§ **Required action**:
Verbatim copy without images: repeat the records in full.

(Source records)
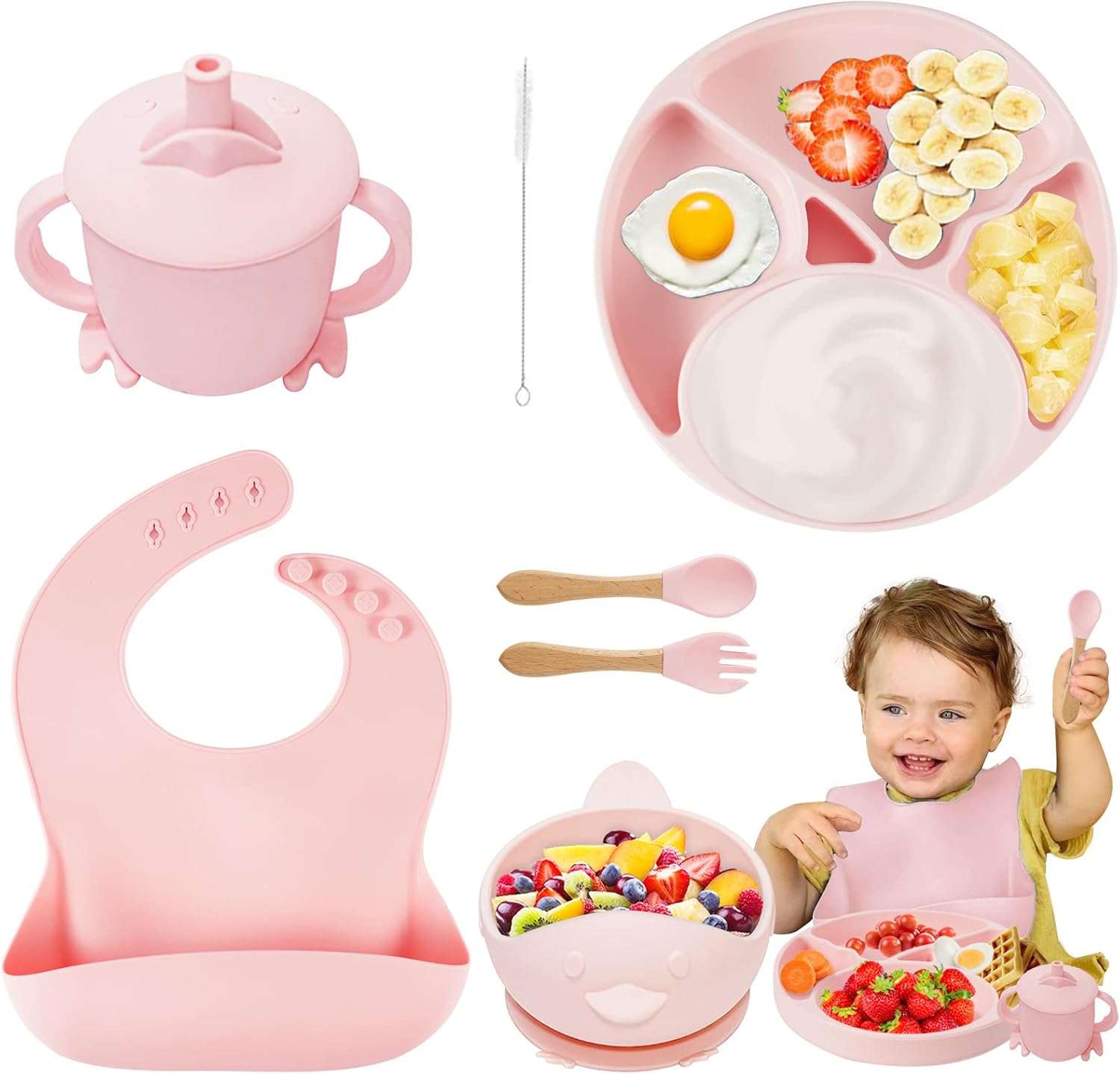 SET DE SILICONA PARA BEBES - Imagen 10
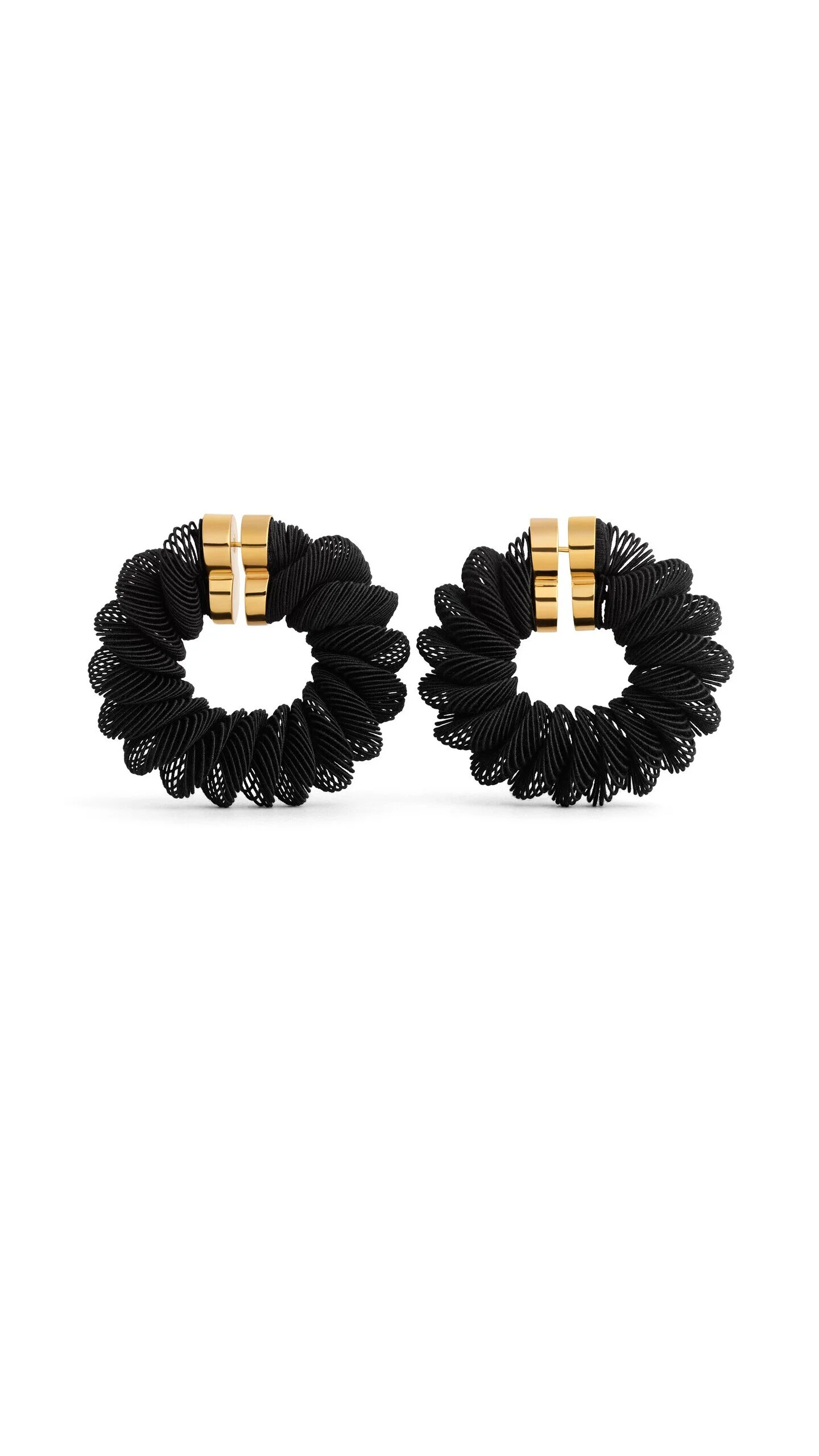 SPIRAL HOOPS EARRINGS - 1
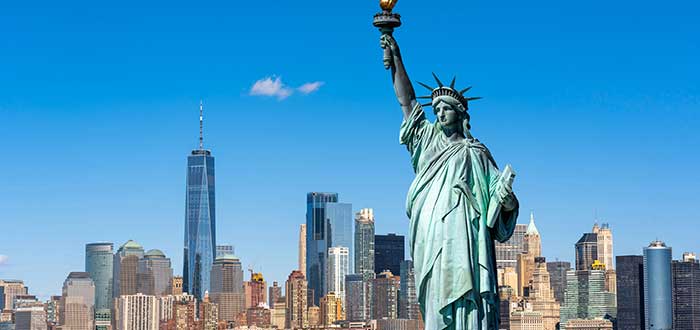 Estatua de la libertad - Miradores de Nueva York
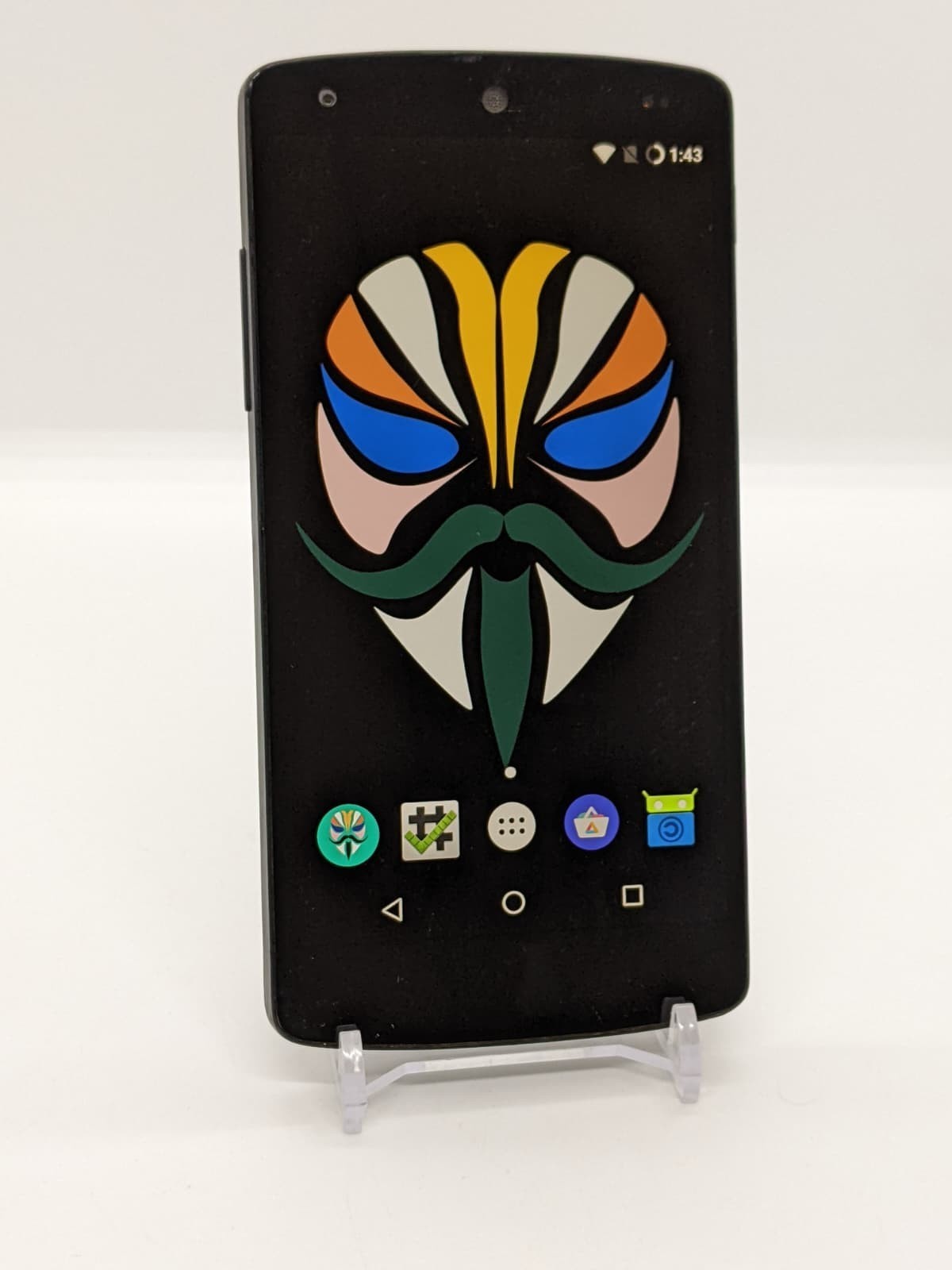 Degoogled Rooted Nexus 5 16GB GSM Lineage OS 14 Black Smartphone D820 2GB RAM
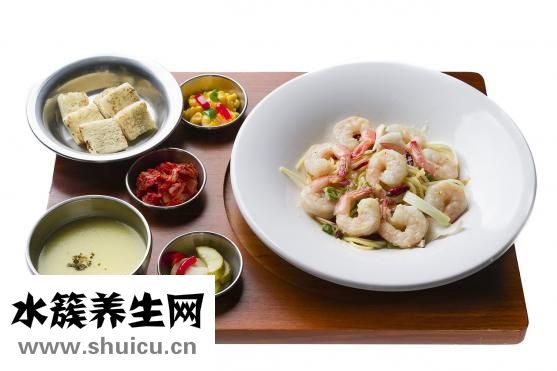 虾的营养价值及功效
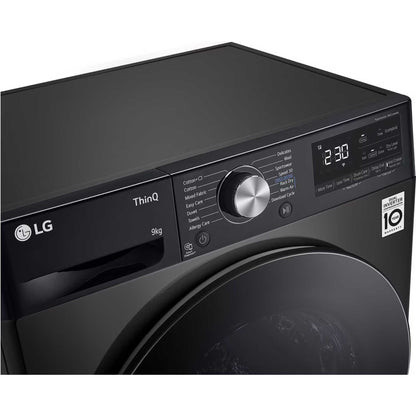 LG DUAL Inverter 9kg Heat Pump Tumble Dryer - FDV909BN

§ **Response for this exercise**:
 SET DE SILICONA PARA BEBES - Imagen 10
 SPIRAL HOOPS EARRINGS - 1
 Estatua de la libertad - Miradores de Nueva York
 Degoogled Rooted Nexus 5 16GB GSM Lineage OS 14 Black Smartphone D820 2GB RAM
 虾的营养价值及功效
 LG DUAL Inverter 9kg Heat Pump Tumble Dryer - FDV909BN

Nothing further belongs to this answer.